Blog

Amazon AWS and making use of dynamic IP addresses

If you ask AWS to give your instance a public address but don’t allocate an “Elastic IP address” then you get a dynamic address from a pool.
That causes problems only when you stop/start (eg NOT when you reboot). So it will only bite you much, much, later.

EIPs are in slightly short supply and if your instance is switched off, you get charged for the time that you aren’t using it.
To avoid using up too many EIPs, we can easily use a dynamic address with a little bit of work.

Set your hostname

This varies a little bit by OS. I recommend either a

supersede host-name "host.domain";

in /etc/dhcp/dhcp.conf or add “fqdn host.domain” to /etc/cloud/cloud.cfg somewhere near the top. That should override the hostname set by AWS metadata.

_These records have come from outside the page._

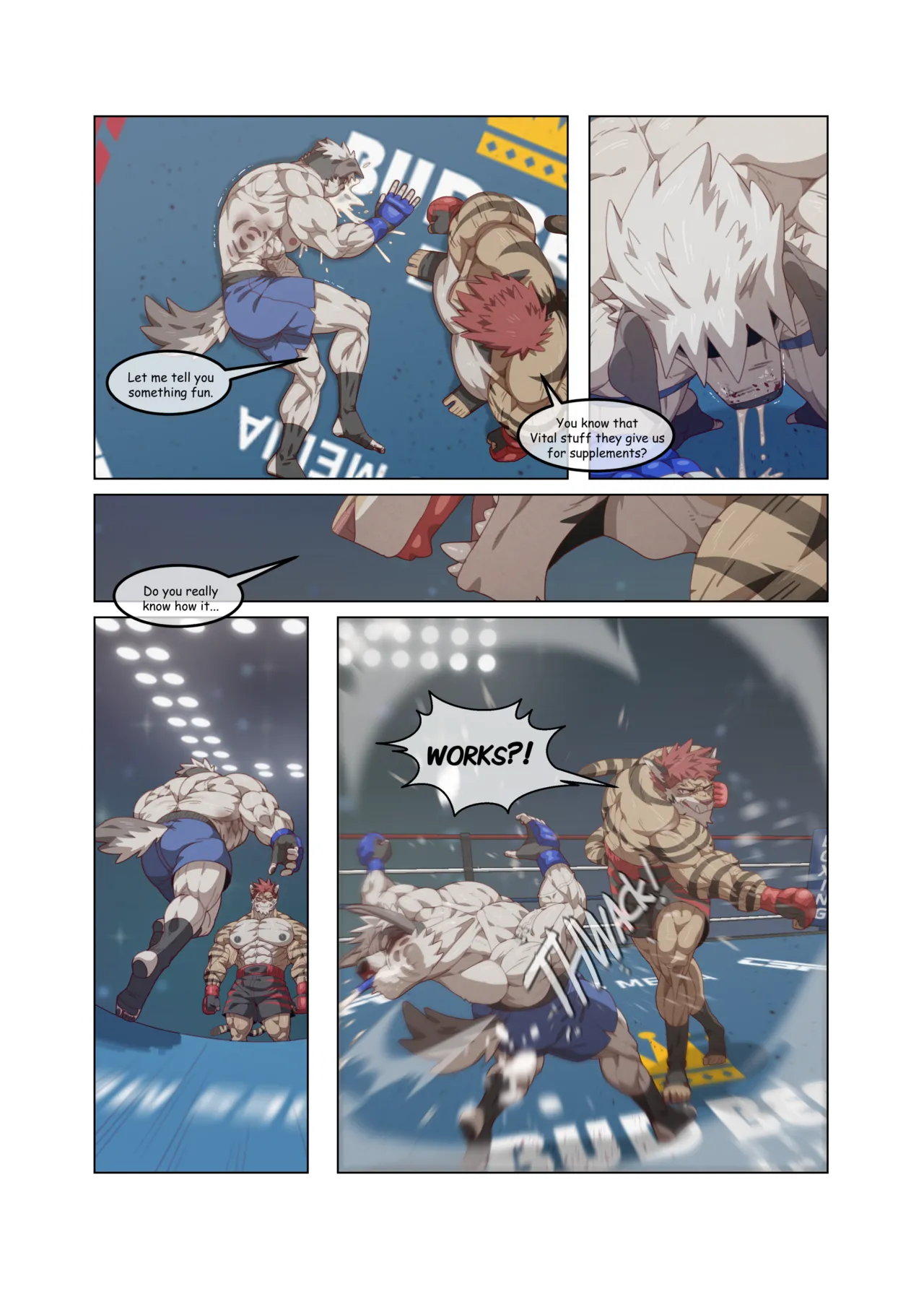Hidden Arena 1-6 Chapter 1-6 - page 401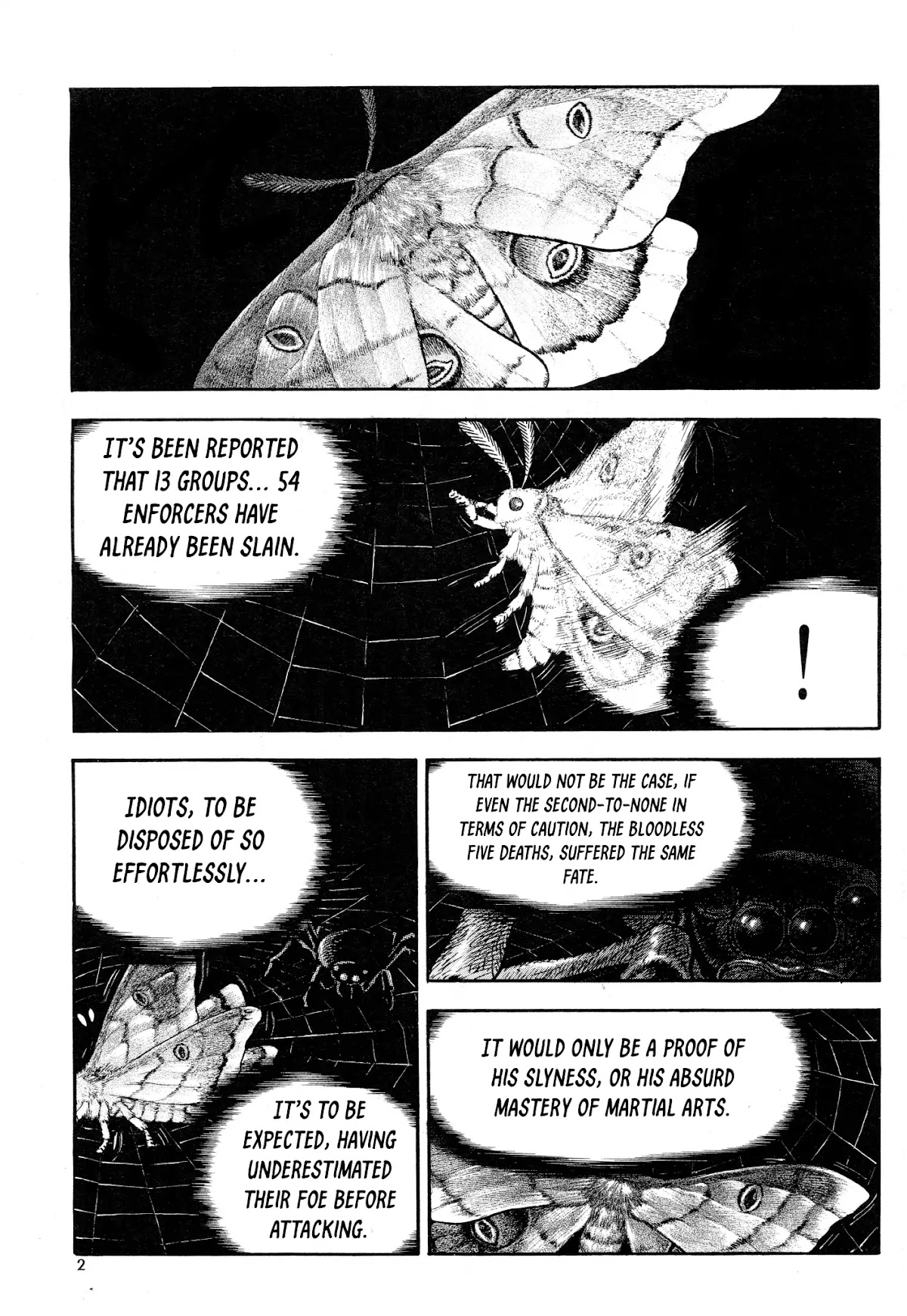 Yongbi the Invincible - A Side Story chapter 16 page 4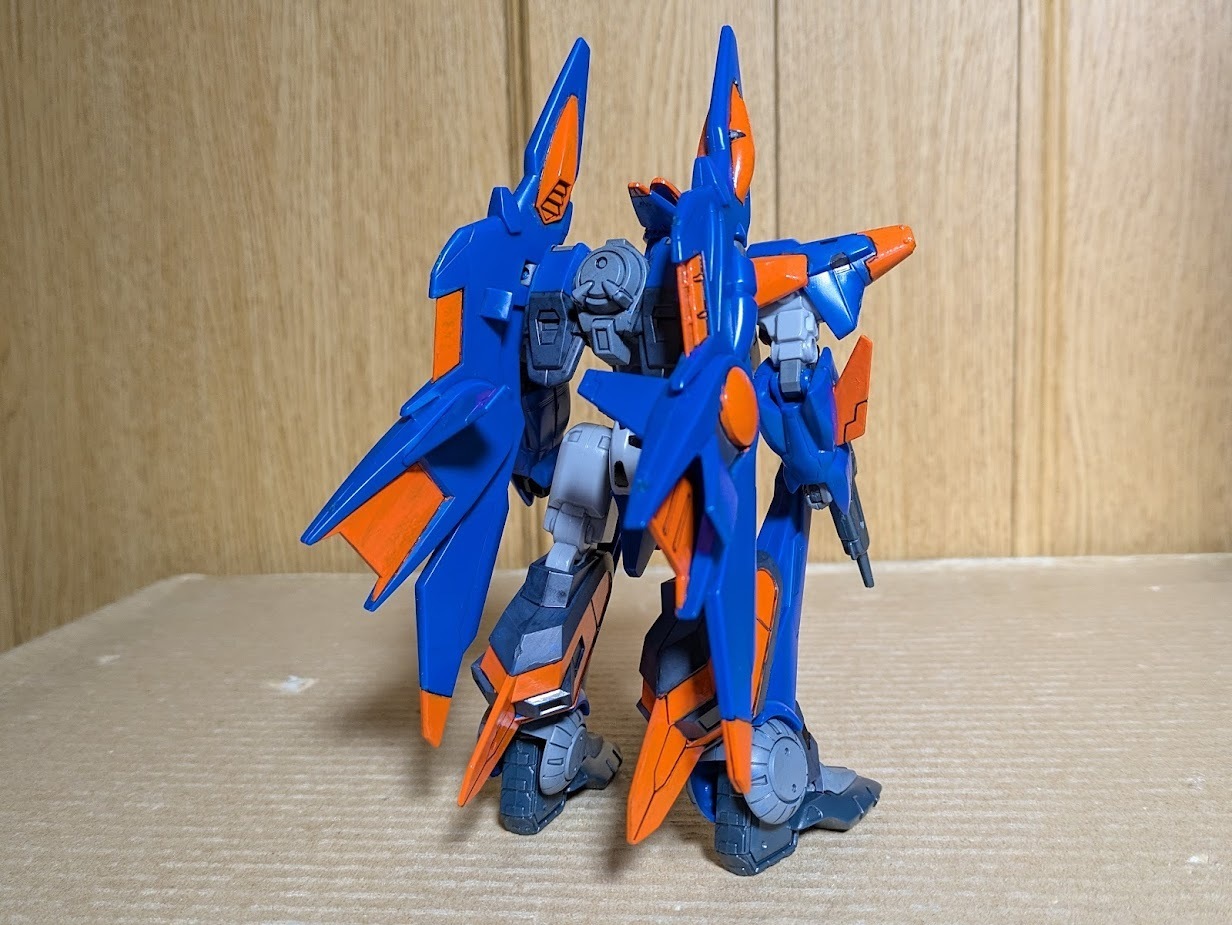 1/48 HG 空戦フレーム エステバリス: ちょっと作りすぎただけ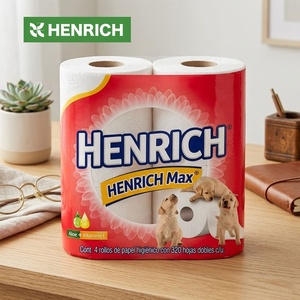 <span class=keywords><strong>Papel</strong></span> Higiénico de Bambú de Alta Absorbencia, Multicapa, Certificado FSC, 3 Capas, Suave y Ecológico, Rollos de <span class=keywords><strong>Papel</strong></span> Higiénico para Suministro Comercial al por Mayor - Product Image 1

Give your instance permissions to change DNS

Create a new IAM role that allows your instance to change DNS records.

{
 "Version": "2012-10-17",
 "Statement": [
 {
 "Sid": "Stmt1503315936000",
 "Effect": "Allow",
 "Action": [
 "route53:ChangeResourceRecordSets"
 ],
 "Resource": [
 "arn:aws:route53:::hostedzone/ZJSJ666666666"
 ]
 }
 ]
}

Figure out your Zone ID and replace the one above with your zone in a new role. Name the role appropriately and assign to your instance.

This gives anyone running the aws command line on your instance permission to alter the DNS in the specified zone.

Install the AWS CLI

If it isn’t already installed follow instructions from Amazon: Installing the AWS command line

Add the magic

Put the following into /etc/init.d/update_dns

#!/bin/sh
### BEGIN INIT INFO
# Provides: DNS stuff
# Required-Start: $local_fs $network $remote_fs
# Required-Stop: $local_fs $network $remote_fs
# Default-Start: 2 3 4 5
### END INIT INFO
if [ ${1}a = "starta" ]
then
IP=`curl -s http://169.254.169.254/latest/meta-data/public-ipv4`
HOST=`hostname`
echo "Adding DNS for $HOST at $IP"
cat > $$.json << EOF
{
  "Changes": [{
    "Action": "UPSERT",
    "ResourceRecordSet": {
      "Name": "${HOST}",
      "Type": "A",
      "TTL": 60,
      "ResourceRecords": [ {"Value": "${IP}"} ]
    }
  }]
}
EOF
#more $$.json
aws route53 change-resource-record-sets --hosted-zone-id ZJSJ666666666 --change-batch file://$$.json
rm $$.json
fi

Yes, that really does say “UPSERT”!
Then,

 chmod a+x /etc/init.d/update_dns
 chkconfig update_dns on
 service update_dns start

It should at this point tell you which hostname is having which DNS added to it. If you’ve never used this before, you might want to comment out the aws command and uncomment the more command, to see what it intends to do before it happens. You may be able to badly destroy IP addresses for critical services if you get this wrong!